TASK ITEM
Word for word, retype the lines from the one containing "Hello and welcome" to the one containing "In this video I'm" below, keeping both end lines and dropping the pictures.

GIVEN DATA
* * * * * * * * *

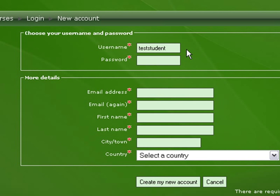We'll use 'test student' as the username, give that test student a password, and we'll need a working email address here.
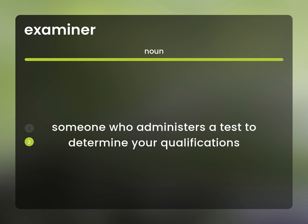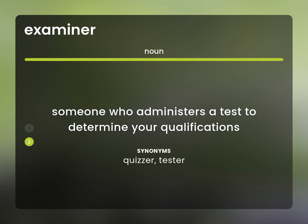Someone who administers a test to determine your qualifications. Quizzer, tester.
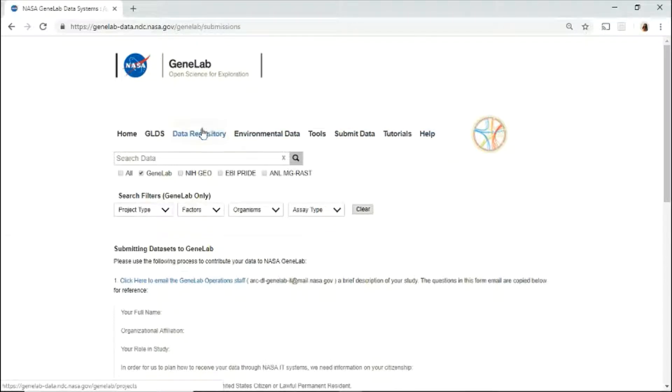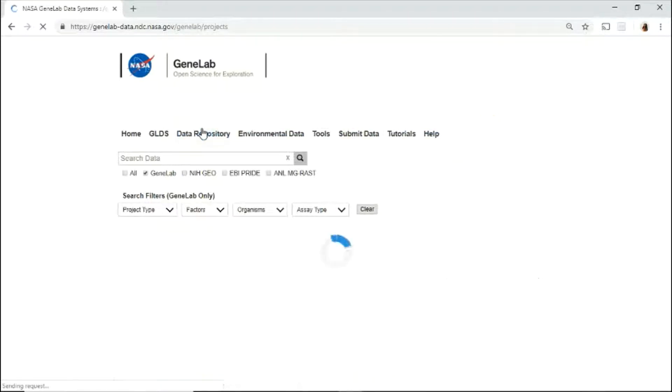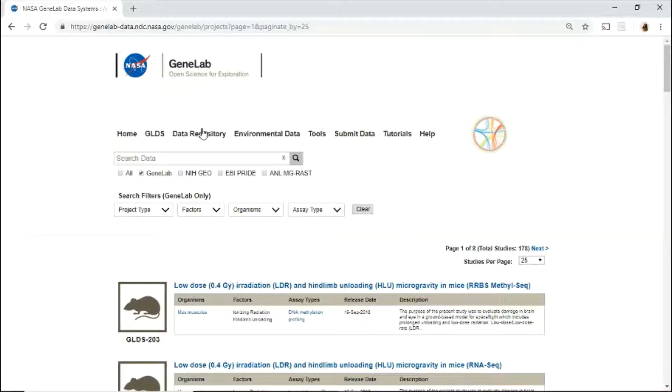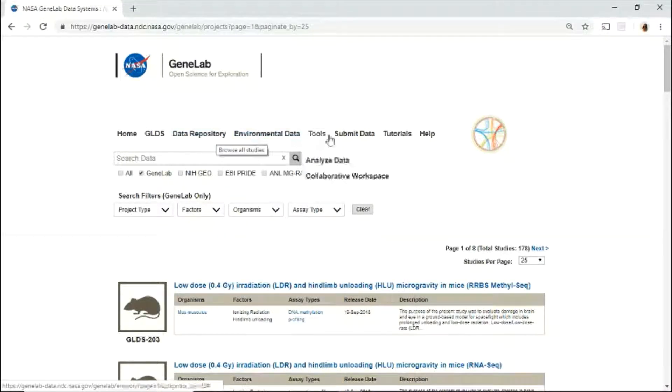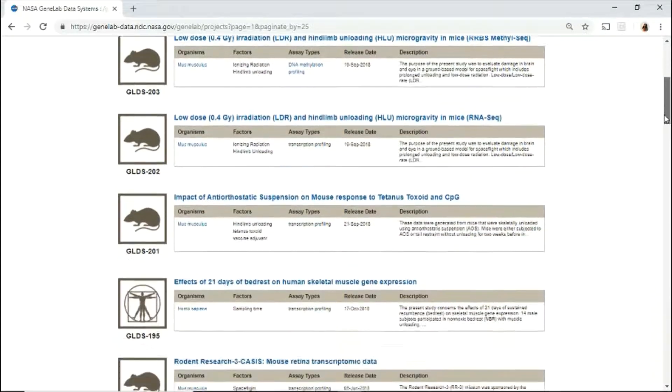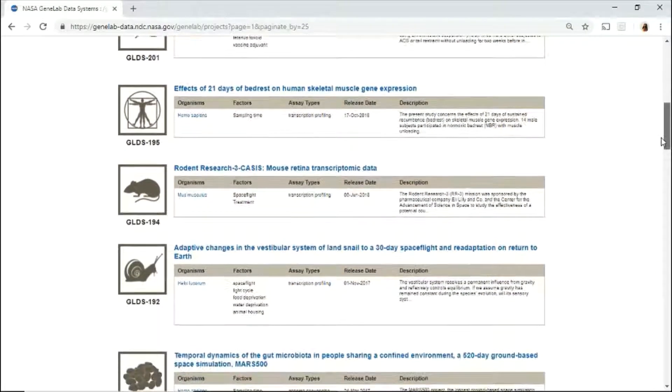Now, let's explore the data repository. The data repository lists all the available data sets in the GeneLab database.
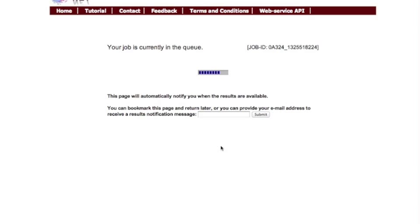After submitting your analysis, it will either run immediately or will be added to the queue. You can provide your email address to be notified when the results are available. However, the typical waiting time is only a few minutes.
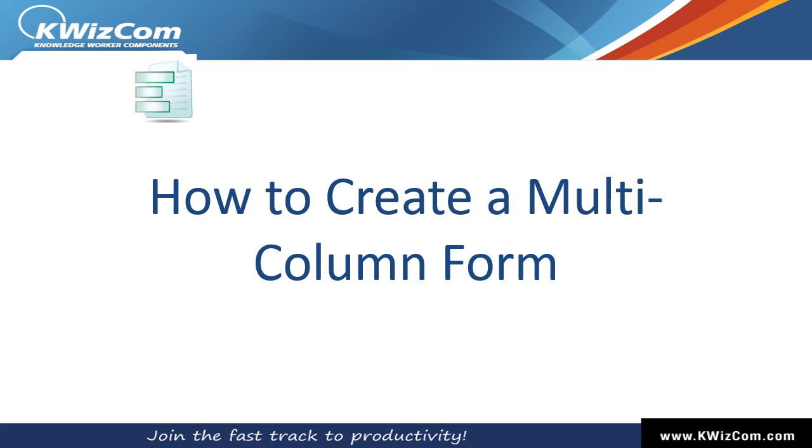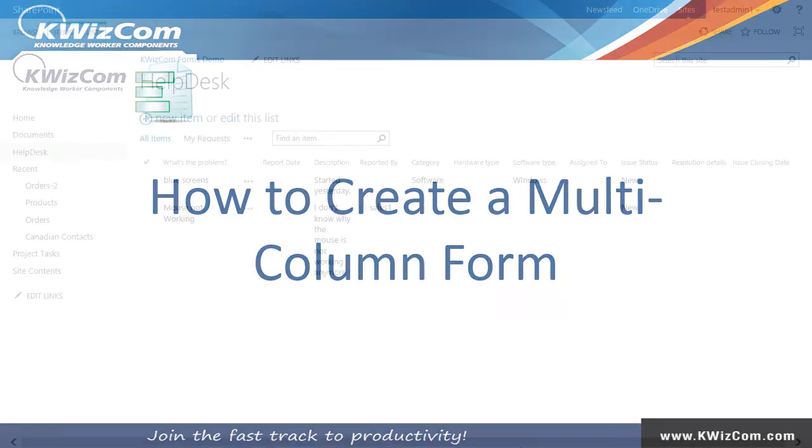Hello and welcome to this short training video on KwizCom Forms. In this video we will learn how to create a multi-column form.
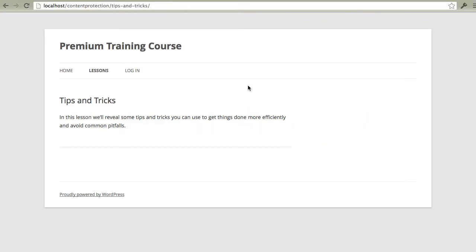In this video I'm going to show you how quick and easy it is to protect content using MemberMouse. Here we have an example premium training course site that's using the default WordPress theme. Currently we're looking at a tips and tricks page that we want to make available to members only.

* * * * * * * * *

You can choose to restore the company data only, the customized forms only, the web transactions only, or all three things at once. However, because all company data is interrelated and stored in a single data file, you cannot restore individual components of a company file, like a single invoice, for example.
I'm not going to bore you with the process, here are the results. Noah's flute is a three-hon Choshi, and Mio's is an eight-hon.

* * * * * * * * *

REPLY
Hello and welcome to this short training video on KwizCom Forms. In this video we will learn how to create a multi-column form.
In this video I'm going to show you how quick and easy it is to protect content using MemberMouse. Here we have an example premium training course site that's using the default WordPress theme. Currently we're looking at a tips and tricks page that we want to make available to members only.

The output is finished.